By Amanda Durish Cook

MISO last week proposed bringing the three major players in its load forecasting together to coordinate on predictions for long-term transmission planning in the footprint.

MISO’s proposal would have both Purdue University’s State Utility Forecasting Group (SUFG) and consulting firm Applied Energy Group working with 20-year forecasts provided by load-serving entities. The RTO uses Applied Energy for distributed resource data predictions in its annual Transmission Expansion Plan.

The idea came in part from the Coalition of Utilities with an Obligation to Serve in MISO (CUOS), an ad hoc group of utilities and regulators, which proposed to require LSEs develop a 20-year base load forecast that includes monthly predictions for energy and non-coincident peaks. (See MISO Utilities Float New Load Forecasting Approach.)

The RTO put a temporary hold on ordering more independent load forecasts from the SUFG while it explored other stakeholder-proposed forecasting options. (See MISO Looks to Members for Load Forecasting Ideas.) It had received stakeholder criticism for its plan to order four versions of the Purdue forecast, each tailored to one of the futures used to inform its annual transmission plan, beginning with MTEP 20.

Tony Hunziker | © RTO Insider

Speaking during an Oct. 12 special conference call, MISO planning manager Tony Hunziker said the RTO’s new approach draws from the CUOS proposal in incorporating the LSEs’ 20-year forecasts.

MISO would send LSE-originated demand and energy forecasts to the SUFG, which would compile and analyze them to inform its state-by-state forecast. The RTO also envisions the SUFG using LSE data to produce a complete 20-year demand and energy forecast for each of the 140-plus LSEs, which will influence the four MTEP futures. The SUFG uses its state-by-state forecast to corroborate what share of a state’s load is located within MISO territory.
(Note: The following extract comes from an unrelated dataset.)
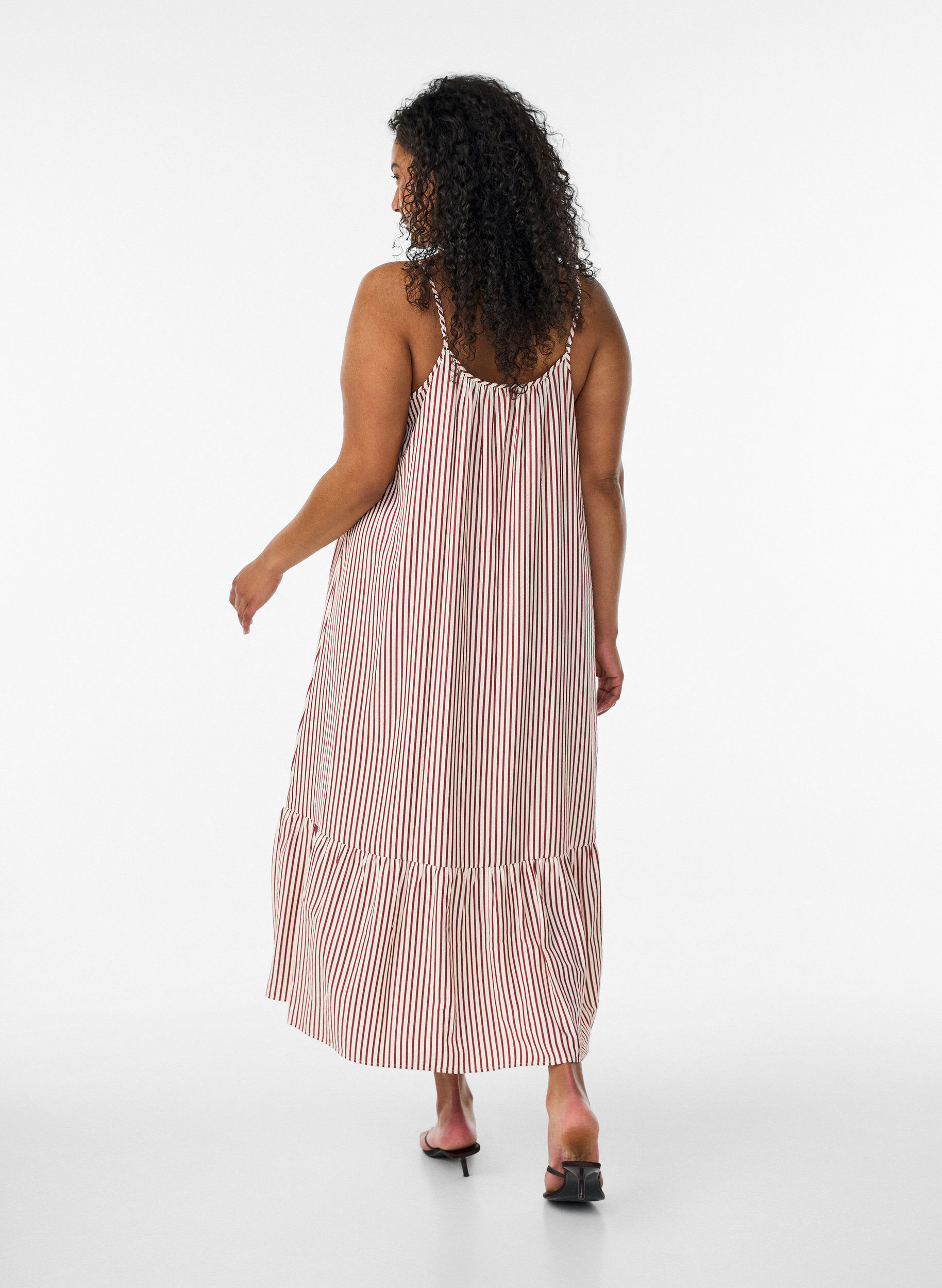 Zizzifashion Summer dress with stripes and A-line shape, Red, Model image number 1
The LSEs’ gross forecasts would not include energy efficiency or other demand-side factors, such as distributed resources and electric vehicle programs. MISO staff said the RTO will ask LSEs to submit demand-side data separately to AEG, which would use them to develop the demand-side management potentials in the futures.

But some stakeholders are unconvinced that LSEs can simply change their forecast methods in under two years to detach energy efficiency totals from their forecasts.

Hunziker said LSEs, MISO staff and the SUFG will be able to communicate throughout the forecasting process.

“As [the SUFG] is looking at the data and they see an irregularity, there’s a feedback loop. They can get ahold of the LSE that made the forecast and discuss and hash [it] out,” Hunziker said.

Stakeholders were also concerned about how the SUFG would adjust LSEs’ original forecasts to make the final LSE-specific forecasts used in the MTEP.

Hunziker said the SUFG will use its independent load data to fill in any missing gaps.

“There may be entities that don’t provide some information, and we want to fill in those gaps. That’s always been a concern for MISO,” Executive Director of System Planning Aubrey Johnson said. “We still need to fill in for LSEs that don’t provide forecasts or submit incomplete data.”

He promised stakeholders that LSE data would be the “foundational piece” of the load forecast and said MISO will provide more detail on how and under what conditions the SUFG will modify LSE forecasts.

Johnson said MISO will present a firmed-up proposal at the Nov. 14 Planning Advisory Committee meeting. He asked for stakeholders to send written input on the proposal by Oct. 31.